Southbank is spoiling us in 2013 with an amazing festival, The Rest is Noise, "The Soundtrack of the 20th Century" (SATURDAY 19 JANUARY 2013 - SUNDAY 9 JUNE 2013) The programme is packed-full with events - some of them free and a lot rather affordable. We hope to go to some of them!
After quite a productive week on the book front (I have added around 4,000 words to The Book of Thoth), I will be turning into a stall holder for the entire weekend as I will be helping my boy on his stall at The Big Essex Vintage Weekender.
Music, fashion shows, dancing, pin-up beauty contest (oh, yes!), tea, cakes, classic cars, and a big vintage market!

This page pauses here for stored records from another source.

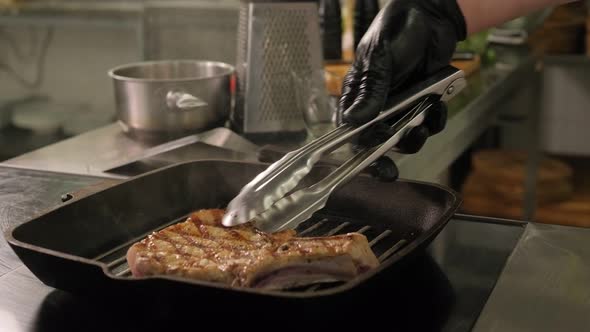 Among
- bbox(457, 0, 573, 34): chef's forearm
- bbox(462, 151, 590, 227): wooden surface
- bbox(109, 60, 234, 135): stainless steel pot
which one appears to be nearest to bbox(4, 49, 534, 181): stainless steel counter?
bbox(109, 60, 234, 135): stainless steel pot

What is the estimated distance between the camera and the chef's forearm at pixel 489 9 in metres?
1.43

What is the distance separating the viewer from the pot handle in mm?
1615

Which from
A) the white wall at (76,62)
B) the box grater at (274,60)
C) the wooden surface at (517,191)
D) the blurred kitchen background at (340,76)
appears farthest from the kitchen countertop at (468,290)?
the white wall at (76,62)

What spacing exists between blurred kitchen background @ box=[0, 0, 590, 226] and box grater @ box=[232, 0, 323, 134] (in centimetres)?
19

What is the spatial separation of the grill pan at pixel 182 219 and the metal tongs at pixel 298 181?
10cm

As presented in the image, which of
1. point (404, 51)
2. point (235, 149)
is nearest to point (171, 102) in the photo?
point (235, 149)

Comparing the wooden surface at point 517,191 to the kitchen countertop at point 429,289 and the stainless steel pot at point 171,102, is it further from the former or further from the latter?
the kitchen countertop at point 429,289

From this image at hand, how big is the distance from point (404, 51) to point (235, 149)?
1.53 ft

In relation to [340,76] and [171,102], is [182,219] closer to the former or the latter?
[171,102]

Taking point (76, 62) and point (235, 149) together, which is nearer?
point (235, 149)

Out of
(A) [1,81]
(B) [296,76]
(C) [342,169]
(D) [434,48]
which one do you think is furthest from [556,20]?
(A) [1,81]

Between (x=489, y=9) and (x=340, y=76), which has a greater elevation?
(x=489, y=9)

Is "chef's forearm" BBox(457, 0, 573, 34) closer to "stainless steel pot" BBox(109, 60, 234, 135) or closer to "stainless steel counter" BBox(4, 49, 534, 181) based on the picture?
"stainless steel counter" BBox(4, 49, 534, 181)

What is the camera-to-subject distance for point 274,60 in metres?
1.74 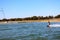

Back to the book on Monday, I have a ballroom scene to write - but not the Jane Austen type...
I have become addicted to my book, Michel Faber's fabulous The Crimson Petal and The White. It is the best book I've read in years - such an incredible, unflinching prose! I really wish I could write like that...
I watch very little TV, but when I do, I make sure it's quality stuff (and yes, I'm a snob, so what?).
I loved the first series of The Hour last year, and after having watched episode 1 of the second series, I can say it's going to be even better. Terrific cast, wonderful characters, incredibly witty lines, beautifully shot, excellent music.
I think therefore I write.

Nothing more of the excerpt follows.